Preservation of Scholarship: The Digital Dilemma

Clifford Lynch and Deanna Marcum

Digital documents are far from eternal. Anyone who has ever stared at a computer screen full of gibberish when trying to open a document created in an early word-processing program, or looked in vain for the slot on a computer that accepts floppy disks from a previous era, knows firsthand about the limited lifetimes of digital storage media. For the most part, higher education faculty and administrators have high expectations for long-term access to digital materials, based on their experience with the paper model. Yet today technology has moved us well beyond that model, giving rise to pressing issues and concerns about the preservation of digital scholarship. Deanna Marcum, president of the Council on Library and Information Resources, and Clifford Lynch, director of the Coalition for Networked Information, discuss the scope of these issues and some promising responses to them.

The Problem

Jeff Rothenberg, a computer scientist at Rand, has written, “Digital documents last forever—or five years, whichever comes first.” He explains that digital documents dependent on obsolete hardware or software to run are hostage to their own encoding. They become unreadable unless they are “refreshed”—copied onto new, updated media—with disturbing frequency.

Librarians started to recognize the digital preservation problem when journals began distributing their articles in electronic form a decade or so ago. Publishers stopped selling journals to libraries. Instead, they licensed the electronic content to libraries so that the information could be made available to members of the campus community. The journal was no longer a well-defined entity, but rather a database that could be configured at the point of use to display the article of interest to a reader. Librarians began to ask publishers about their plans for ensuring that these electronic materials would be available in the future, always worrying about the eventuality that the publishing house would be bought by another, would go out of business, or would drop a particular journal.

Electronic journals have been with us for more than a decade now, and although a small number of the largest publishers (and a few of the most thoughtful and financially strongest of the scholarly societies) have announced plans to maintain their electronic content, most of the smaller publishers are still in a quandary about the question of preserving their materials. Preservation costs, traditionally borne by the library, are hard to transfer to the underfunded, struggling scholarly society or university press.

Today, the problem extends well beyond the preservation of electronic journals. In recent years, faculty scholarship has incorporated more and more digital media for research and classroom-based projects, and concerns about preserving these newly created digital information resources have grown accordingly.

Perspectives on the Problem

Faculty working with new learning media are creating some of the most innovative scholarship today. But their concerns, rightly, are with how to use the new digital media most effectively to convey and document scholarship, and not with technical questions about our ability to preserve the works they create. Further, in too many cases, the pathbreaking work being done by these early adopters resides on their computers, which are being rather informally managed; they are not part of any institutional infrastructure or program to preserve and maintain access to content. If we were to lose the scholar—to a new interest, retirement, or the proverbial bus—we would lose the scholarship.

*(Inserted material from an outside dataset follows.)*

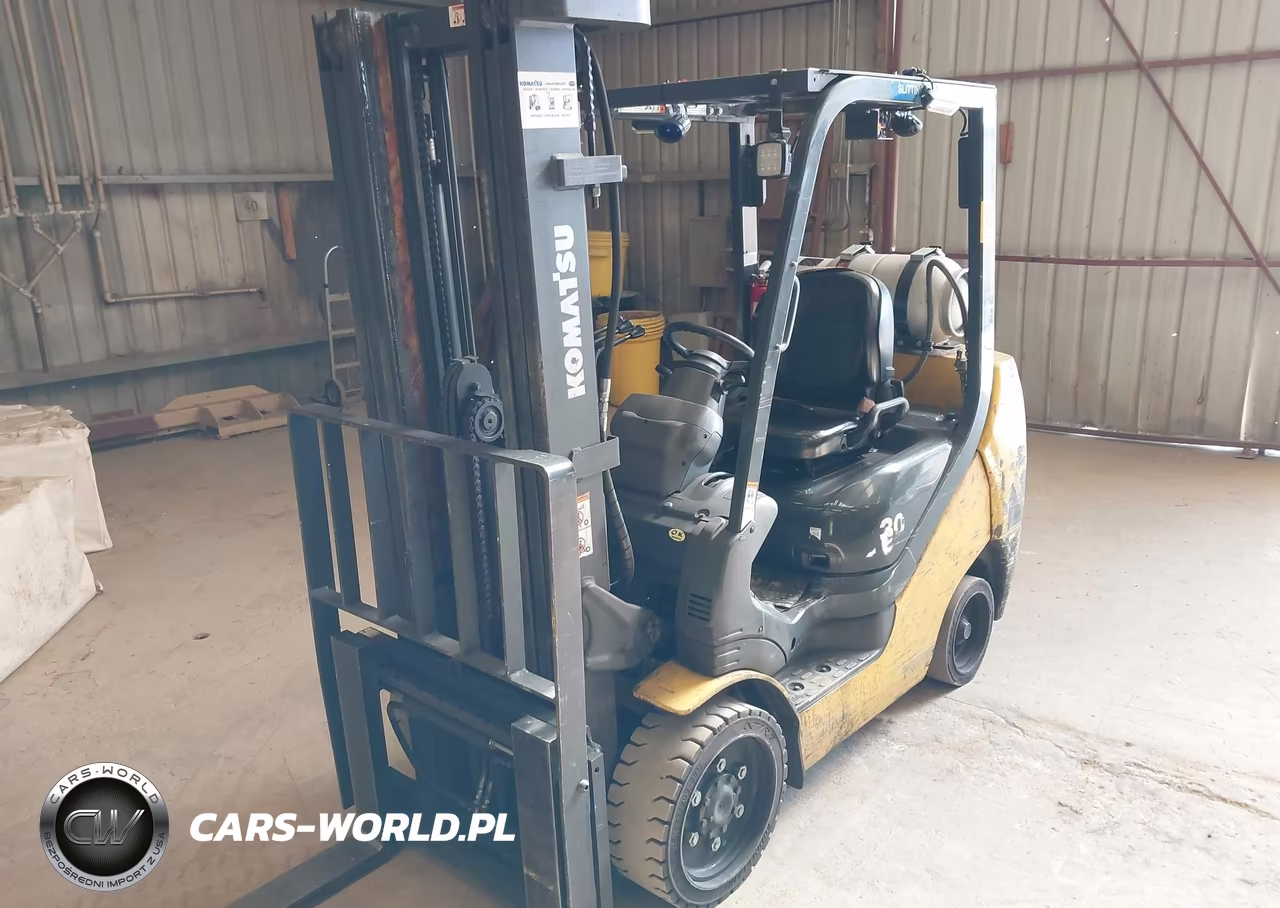 2021 Komatsu Fg30Sht-16**Rb VIN:A430756 - 2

A few examples illustrate the range of the issues we face:

Babak Ashrafi, of the Dibner Institute at MIT, is overseeing a massive project aimed at documenting “big science.” He is collaborating with a group of historians who expect to eventually involve 60 to 80 scientists in creating an archive about the fields these scientists helped develop. The project includes conducting interviews, posting key documents on the World Wide Web, collaborating with the scientists to annotate the documents, and having some of them moderate Web-based forums. The result will be a rich interactive tool for scholarship. Ashrafi describes the essential problem as a trade-off between standardization, which is essential for long-term digital preservation, and flexibility, which allows the scientists to customize the materials to make them more useful for their scholarly colleagues.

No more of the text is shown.